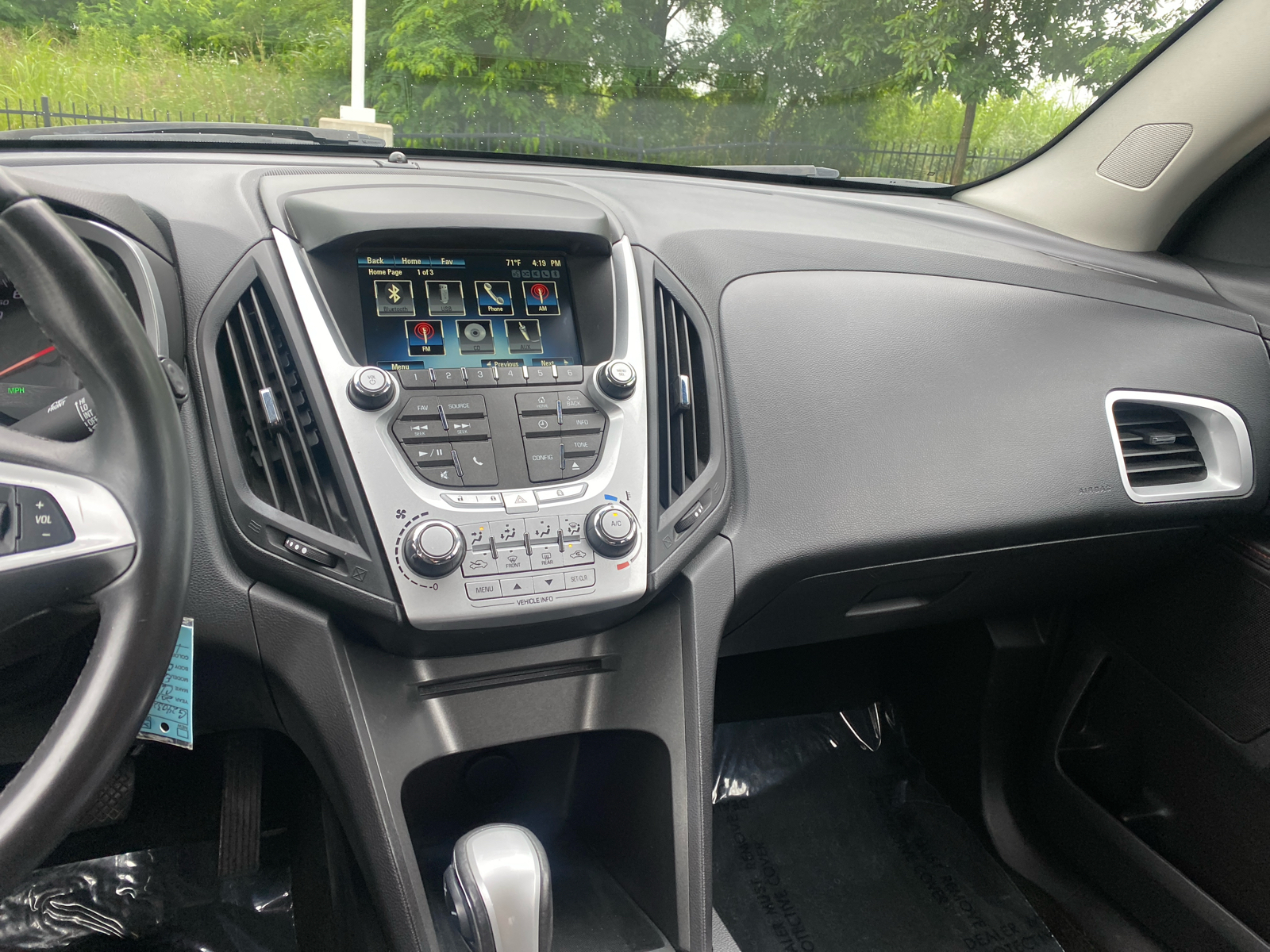 2014 Chevrolet Equinox LT 18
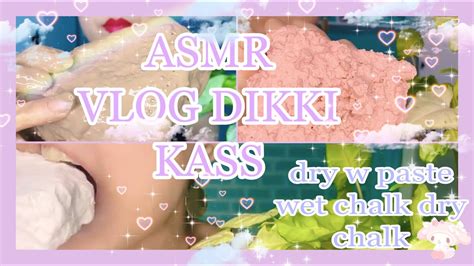 Asmr Vlog Dikki Kass Edit Compilation Ch Editor Youtube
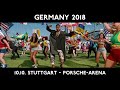 Jason Derulo - Tourtrailer 2 Sides Worldtour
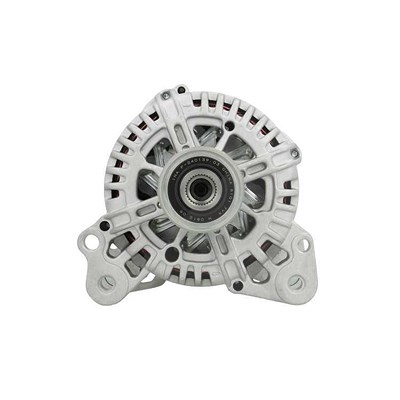 Bv Psh Generator [Hersteller-Nr. 305.591.110.004] für Audi, Seat, Skoda, VW von BV PSH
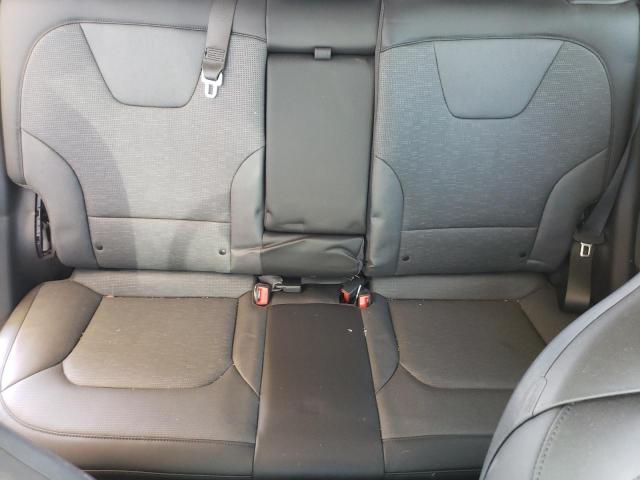KNDCT3LE1P5069029 KIA NIRO SX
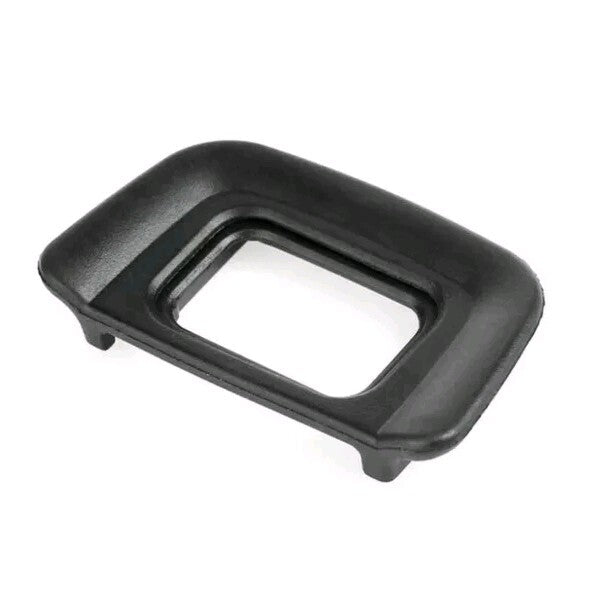 For Nikon DK-20 Rubber Eyecup Eyepiece For D5100 D3100 D3000 D50 D60 D70S D5200 J`ZT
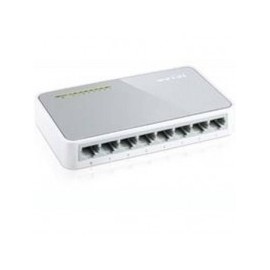 Switch Tp-Link 8 Puertos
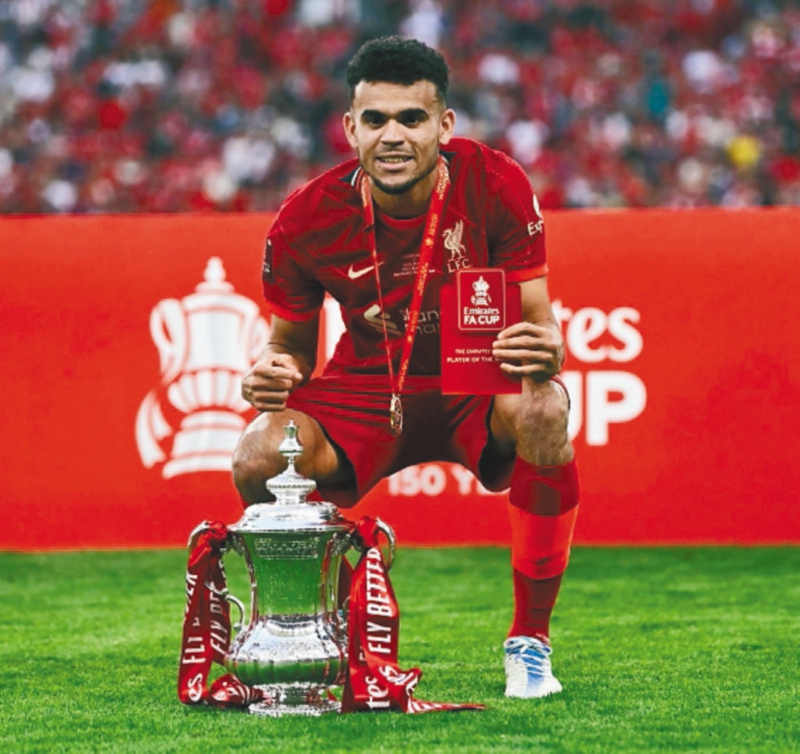 Liverpool vs Real Madrid: 3 formas de usar la camiseta de tu equipo favorito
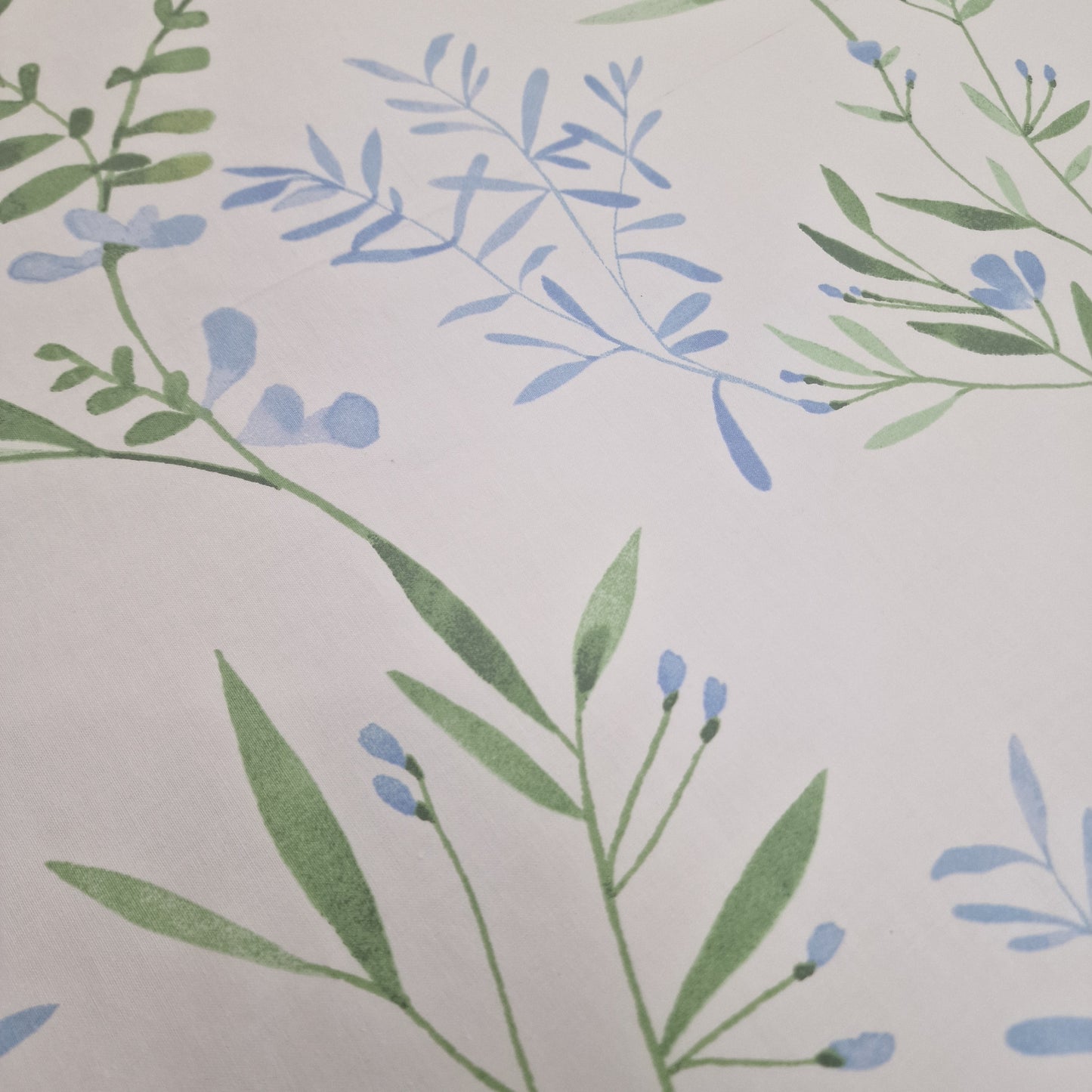 Sofiben Lindsey Blue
--------------------
Your answer should consist solely of the lines from the line with "KNDCT3LE1P5069029 KIA NIRO SX" to the final line of the listing, set down word for word, pictures omitted.

KNDCT3LE1P5069029 KIA NIRO SX
 For Nikon DK-20 Rubber Eyecup Eyepiece For D5100 D3100 D3000 D50 D60 D70S D5200 J`ZT
 Switch Tp-Link 8 Puertos
 Liverpool vs Real Madrid: 3 formas de usar la camiseta de tu equipo favorito
 Sofiben Lindsey Blue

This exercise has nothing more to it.